Subway closed more than 10,000 locations early on July 12 to prepare for a major menu revamp.
When restaurants reopened the next day, they carried an updated menu as part of Subway’s “Eat Fresh Refresh,” which included more than 20 menu changes.
To celebrate, Subway locations planned to give away 1 million free subs.
The launch seemed to be a flop, Nancy Luna reported. One franchisee said it was a “giant letdown,” and hardly anyone wanted the free sandwiches. Subway told Insider the event “beat” expectations.
The poorly received launch of the new menu seemed like a sign of things to come.
I enlisted my brother and sister to help me test out some of the new menu items.
We stopped by a Pennsylvania Subway located inside a Walmart.
The restaurant has the ingredients for four of the six new sandwiches.
First up, I tried the new chicken bacon ranch sub, which cost $8.90 for a footlong.
The sandwich, which came double wrapped in paper and foil, contained cheddar cheese, lettuce, tomatoes, red onions, ranch, chicken, and bacon on toasted Italian bread.
Upon unwrapping, it didn’t look very appealing with ranch spilling out.
It was actually not bad, though. I thought the bacon was a nice addition, and this ended up being our favorite sandwich.

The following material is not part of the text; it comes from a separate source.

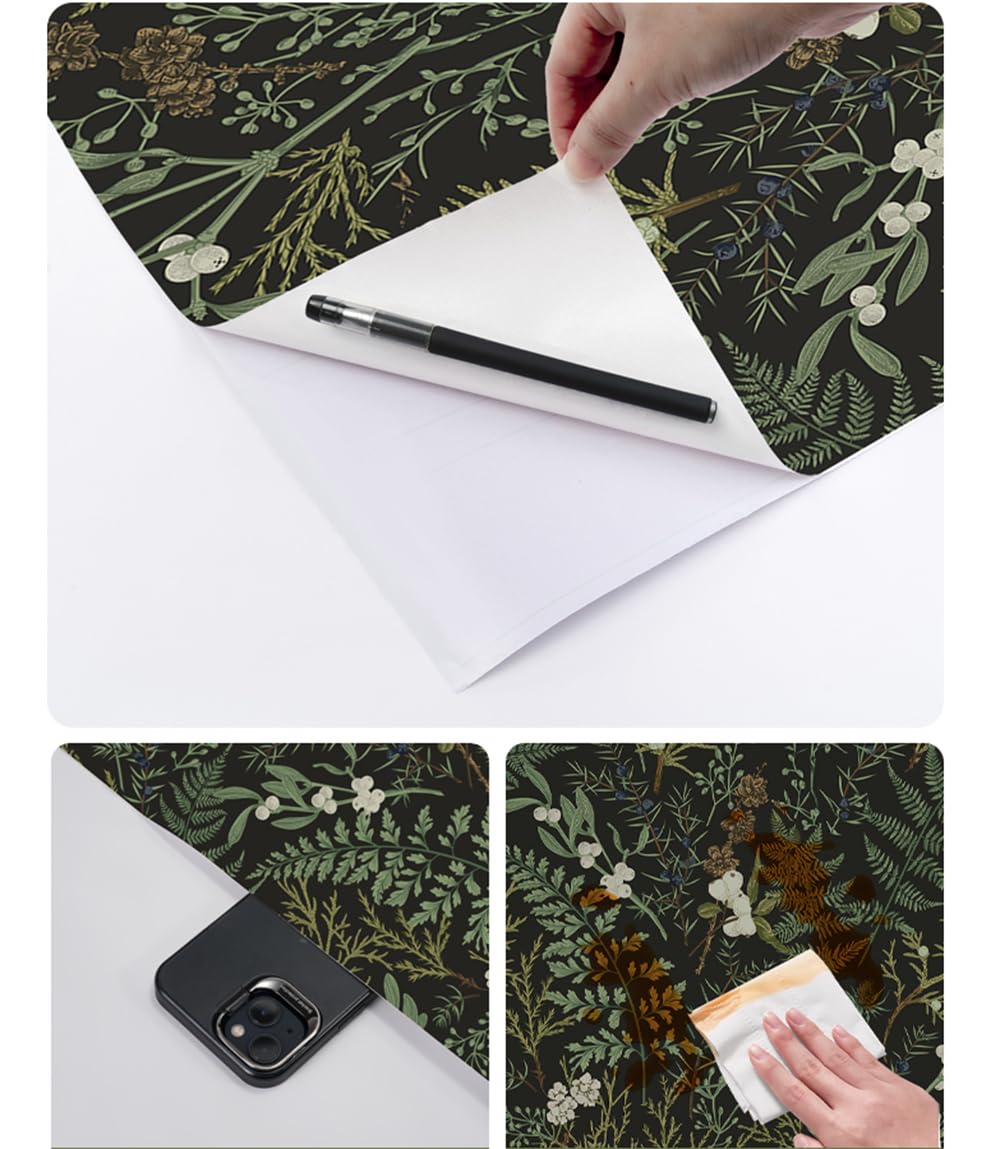 Dark Green Fern Botanical Shelf Liner Contact Paper Self Adhesive Vinyl Botanical Drawer Liner Wall Paper for Kitchen Cabinets Dresser Dollhouse Walls Arts Crafts Decal 17.5X117 Inches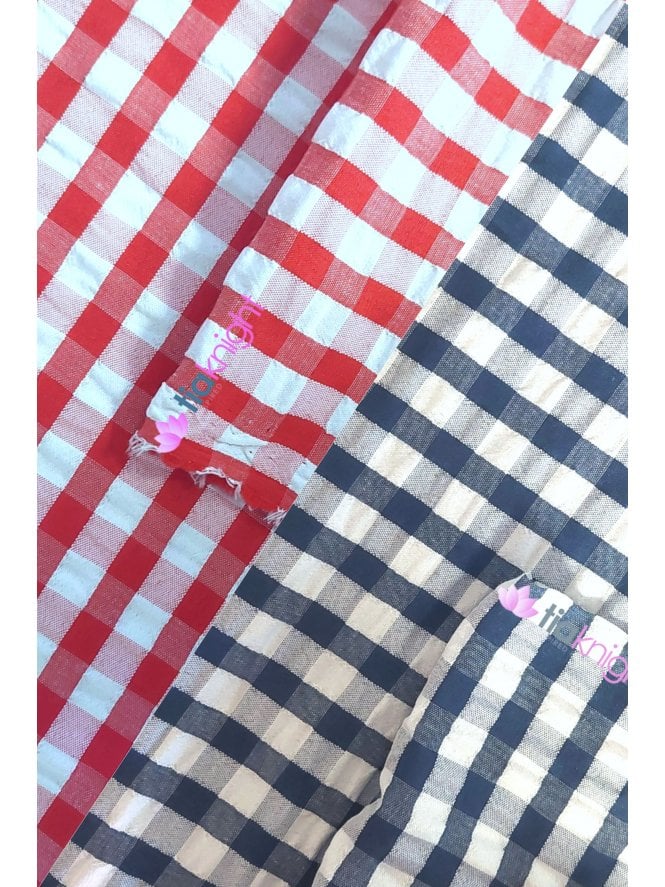 Seersucker Poly Cotton Woven Crafting Summer Dressmaking Fabric 59" Wide- Gingham SQ753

Next up was the Cali Fresh with steak, which costs $7.99 for a footlong.
It came with spinach, tomatoes, red onions, mayonnaise, and steak on multigrain bread.
My sister Elizabeth was not a fan. She described it as “wet.”
The Cali Fresh Turkey sub, which has the same ingredients as the steak version, was okay but still not great. “Better than the steak, but still too wet,” was her verdict.
Last up was the All-American Club, which includes turkey, bacon, ham, American cheese, lettuce, tomatoes, and red onions on Italian bread. It cost $8.39.
My brother, Ben, said this sandwich was decent and he’d probably order it again.
Everything was solidly mediocre. The best rating we could give any of them was “Eh,” as in they weren’t bad, although not particularly good either.
Ultimately, all three of us agreed that while none of the sandwiches we tried were terrible, they weren’t enough to give Subway the boost it needs.
The menu updates, like improved bread, avocado, and mozzarella felt necessary to keep Subway competitive, but it may be too little too late.
Subway is in a difficult position. It closed more locations than any other large US chain in 2020, and it’s caught in a battle between two billionaire owner families and angry franchisees.
Meanwhile, the world of fast food has only gotten more competitive. For the price of a subway sub, you can get a full meal of more appetizing food from several other chains.